Ma chi conosce i Queen sa quanto tra i quattro vi fosse un rapporto di amicizia sincera e uno spirito di collaborazione che li portava a trascorre mesi su mesi costantemente assieme. Impossibile, in altre parole, svincolare il racconto della vita di Freddie da quella dei Queen. Jim invece separa le due cose e questo è un modo di vedere le cose che francamente mi convince molto poco.

Allo stesso modo non riesco a condividere, nemmeno dopo anni di confronti con altri fans, la visione che Hutton dà della figura di Mary Austin. A sua volta anche Mary è un personaggio oscuro, non avendo mai voluto calcare una ribalta che era lì, davvero a portata di mano. Mary avrebbe potuto scrivere libri, rilasciare interviste e vivere contornata da mille telecamere. Invece ha preferito mantenere un atteggiamento che è, in una parola, di grande rispetto per Freddie. 

Se da una parte i Queen non potevano (né possono ancora oggi) esimersi dal raccontare il compagno e celebrarne la musica, Mary ha avuto di fronte a sé una scelta e credo sia doveroso riconoscerle il merito di non aver abuso del proprio ruolo. Ma Jim non è tenero con lei e nel suo libro la dipinge come una sorta di “strega” (il termine è mio) che coglie l'occasione di sbarazzarsi dello stesso Hutton e di altri collaboratori e amici di Freddie per diventare l'unica depositaria delle sue proprietà, negando secondo l'interpretazione di Hutton, un riconoscimento doveroso a chi è stato fino all'ultimo istante fedele amico e compagno del cantante.

Una visione di parte si diceva che, in quanto tale, può essere accolta dal lettore oppure rigettata a seconda della propria sensibilità. Tuttavia Jim tralascia un dettaglio a mio avviso essenziale: le ultime volontà di Freddie. 

Il testamento redatto con l'assistenza di Jim Beach è un atto pubblico, che circola in rete da anni ed è quindi accessibile a tutti. In esso sono contenute le disposizioni volute da Freddie per amici, famigliari e collaboratori e non è possibile confutarne in alcun modo le determinazioni. 
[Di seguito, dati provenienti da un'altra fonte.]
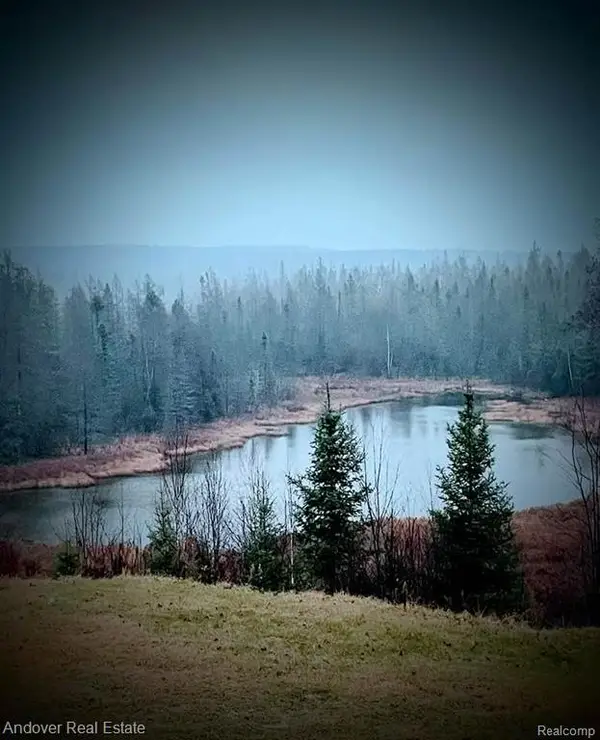 7968 Herzog, Iron Mountain, MI 49801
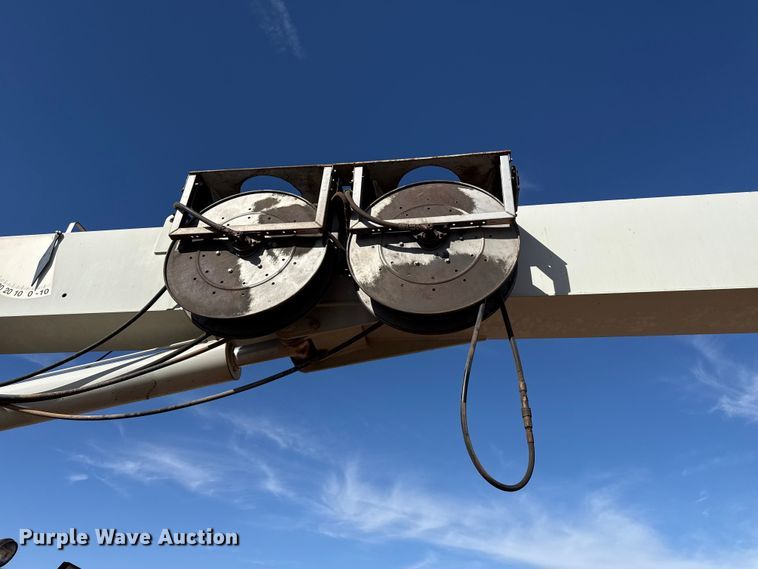 image for item DH1930 2011 Peterbilt 365 crane truck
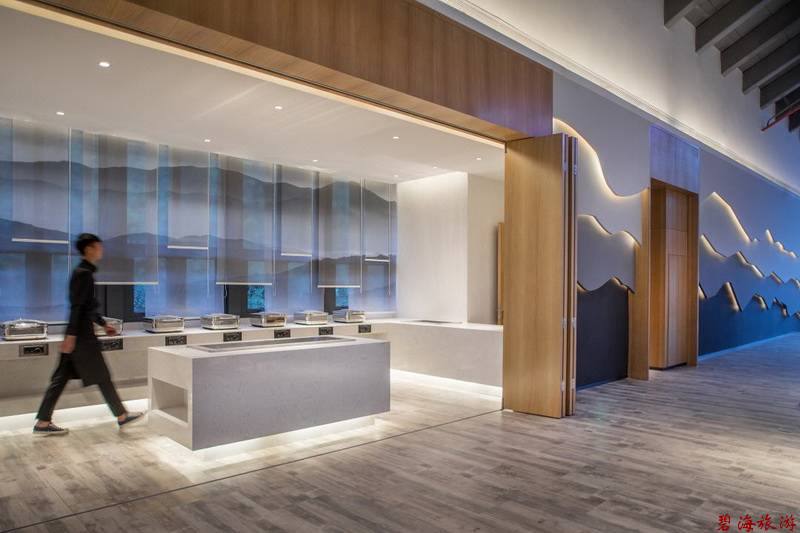 承德金山嶺長城大酒店咨詢預(yù)定電話18633570222 15703350808 承德金山嶺長城大酒店咨詢預(yù)定電話18633570222 15703350808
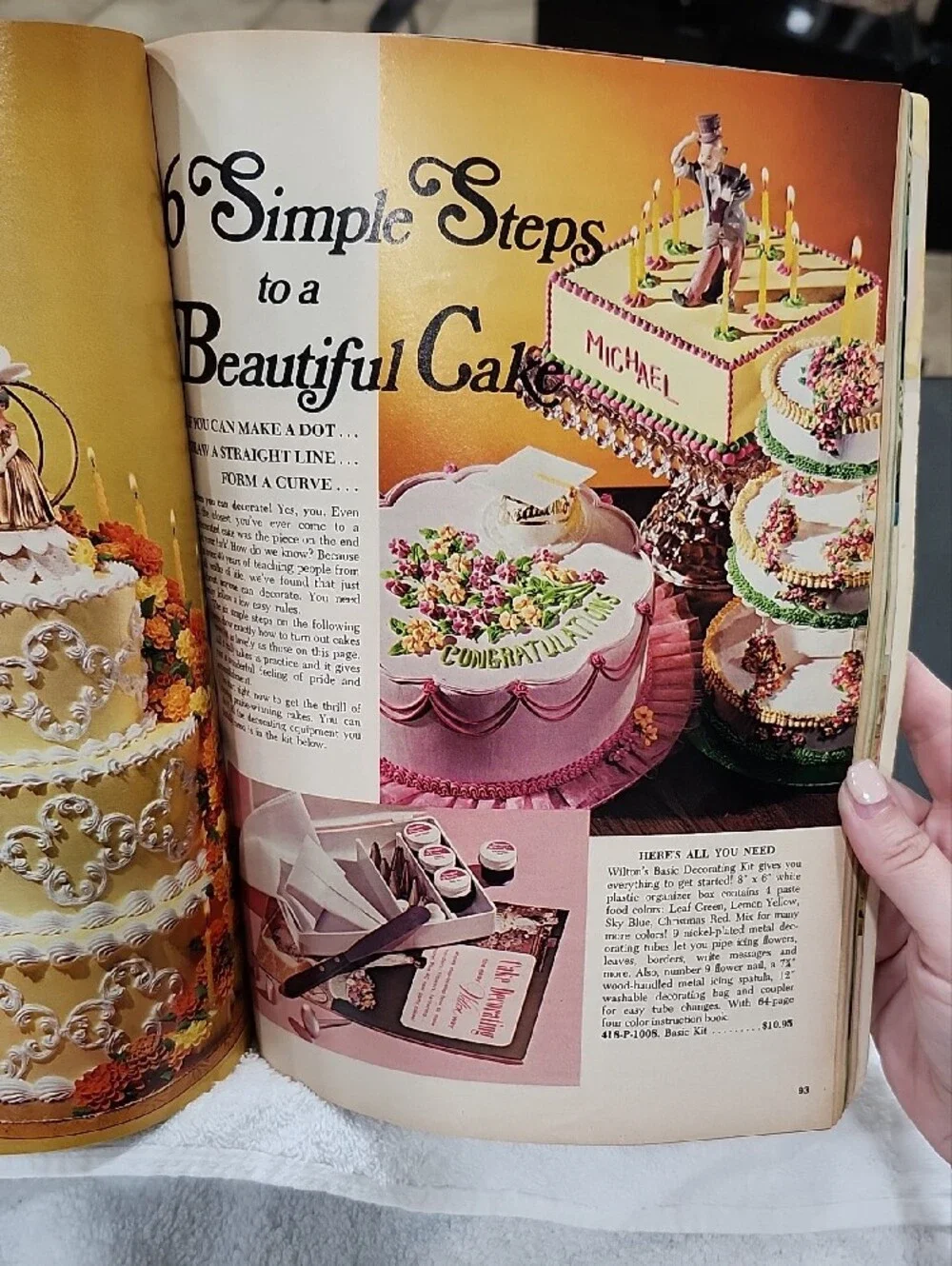VINTAGE 1976 WILTON YEARBOOK OF CAKE DECORATING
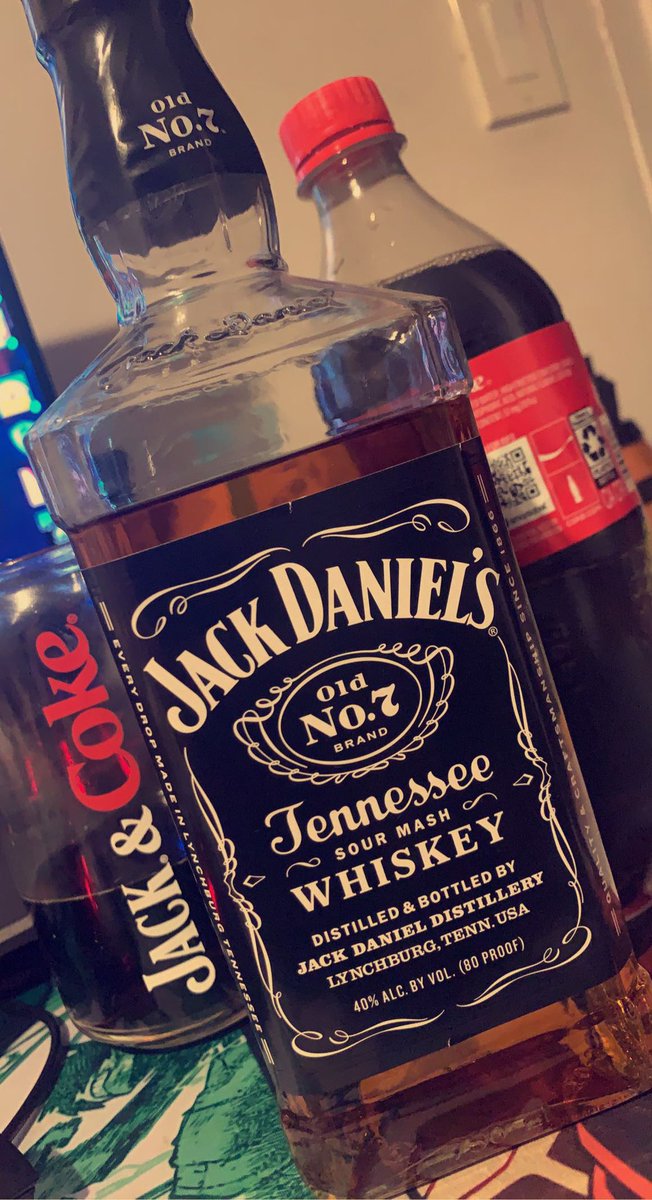 Drinking and gaming. Hardly anything better than that 😄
Un testamento non è un documento come tanti altri, ma rappresenta un momento di immenso dolore per chi lo scrive. Pur avendolo scritto con l'ausilio tecnico di Beach (che è, ve lo ricordo, un avvocato) è in ogni caso un atto solitario, attraverso il quale Freddie ha fatto i conti con se stesso, richiamando alla memoria persone, ruoli e affetti e sancendo per ognuno una precisa volontà. Non so se lo si possa definire l'ultimo atto d'amore, del resto si parla di case, denaro e diritti d'autore, ma rappresentano il pensiero di Freddie Mercury. 

Può non piacere, può generare risentimento, ma va accettato. Ecco, l'errore di Jim sta in questo, nel non essere stato capace di accettare, forse perché le aspettative, morali più che materiali, erano superiori rispetto a quanto Freddie effettivamente desiderava per chi gli stava attorno, anche se è innegabile che nel suo testamento è stato davvero generoso con molti, Hutton compreso.
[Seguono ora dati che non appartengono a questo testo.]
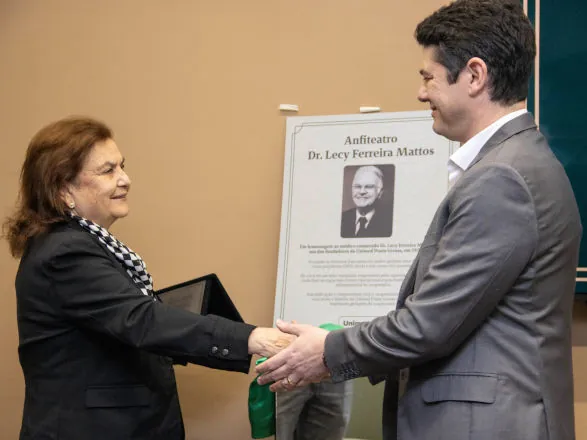 Anfiteatro do novo Centro Operacional da Unimed Ponta Grossa recebe o nome do médico Lecy Ferreira Mattos 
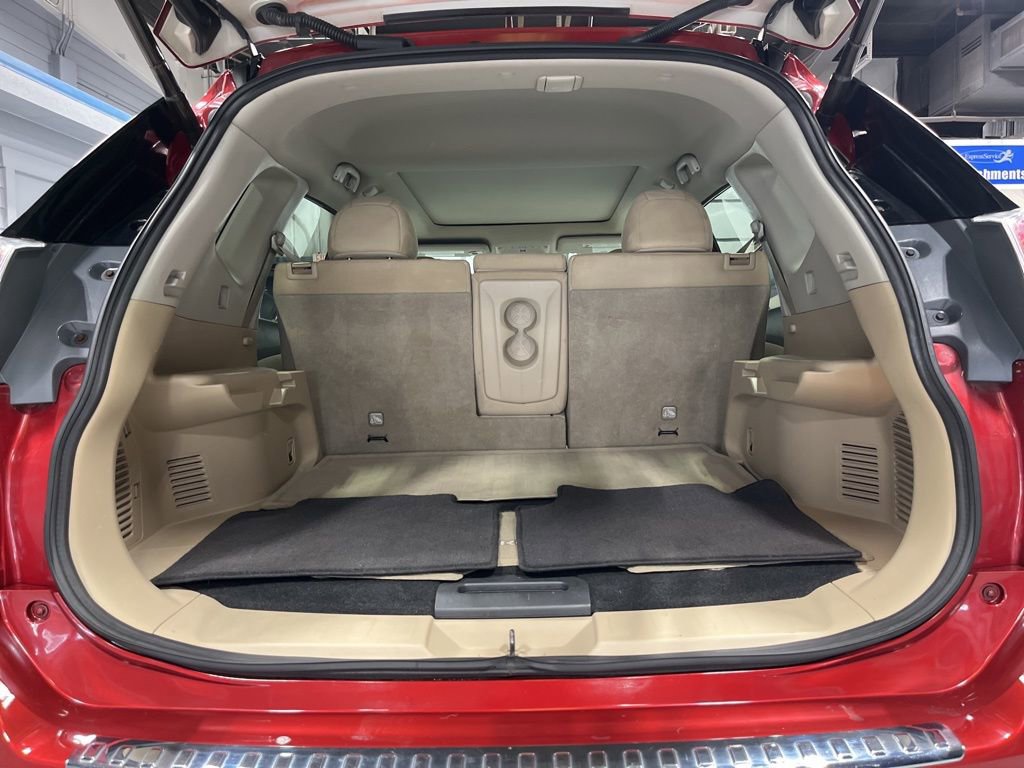 Used 2016 Nissan Rogue SV w/ SV Premium Package image 35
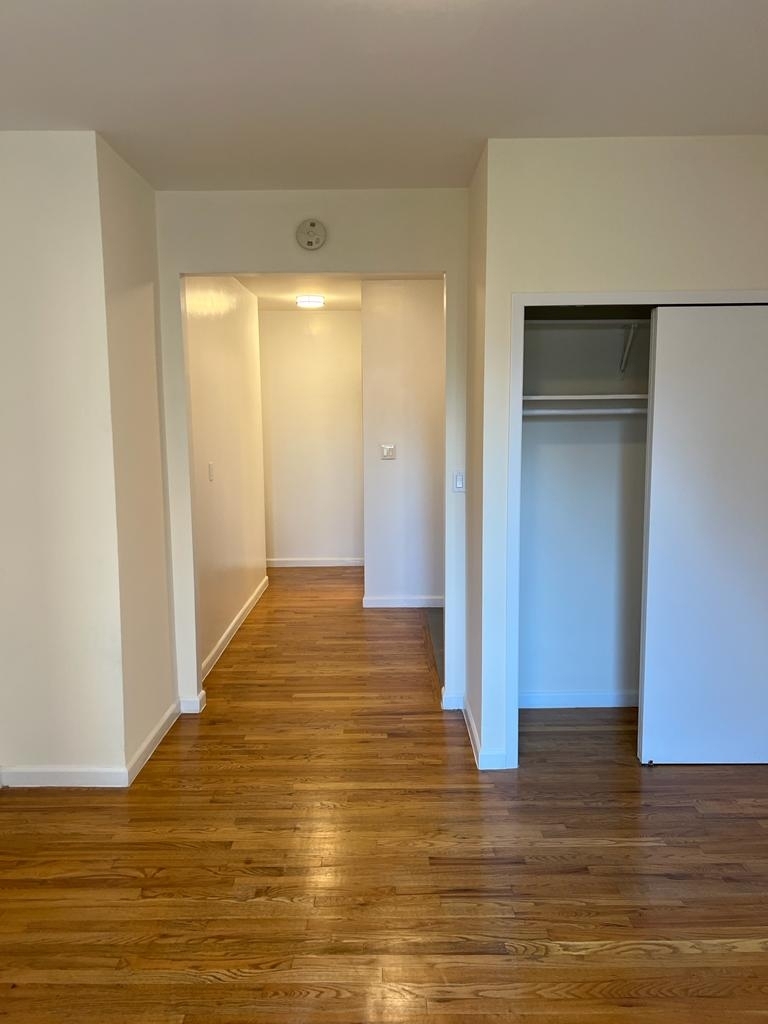 East 10th Street - Photo 3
Cosa rimane dalla lettura di questo libro? C'è anzitutto da intendersi su cosa un fan voglia (e debba) conoscere del proprio artista preferito. Conta solamente la musica o è necessario conoscere anche l'intimità di Freddie, ciò che pensava, tutti gli sbagli o anche le cose belle che ha fatto in vita e che per anni sono rimaste nella sfera privata dell'artista? 

Tante domande, poche le risposte perché, ancora una volta, siamo nel campo della soggettività. Eppure, tutte le volte che metto su un disco dei Queen, ogni volta che la voce di Freddie si diffonde e riverbera nell'aria, sento di non aver bisogno di nient'altro che questo. 

Non servono le parole, i racconti, le spiegazioni e i punti di vista. Brian May ha detto: “Freddie era un cantante di canzoni e un'amante della vita”. È una frase potente perché riassume perfettamente ciò che Freddie voleva essere per tutti noi, che siamo quelli che stanno da questa parte del palco, all'ora come oggi.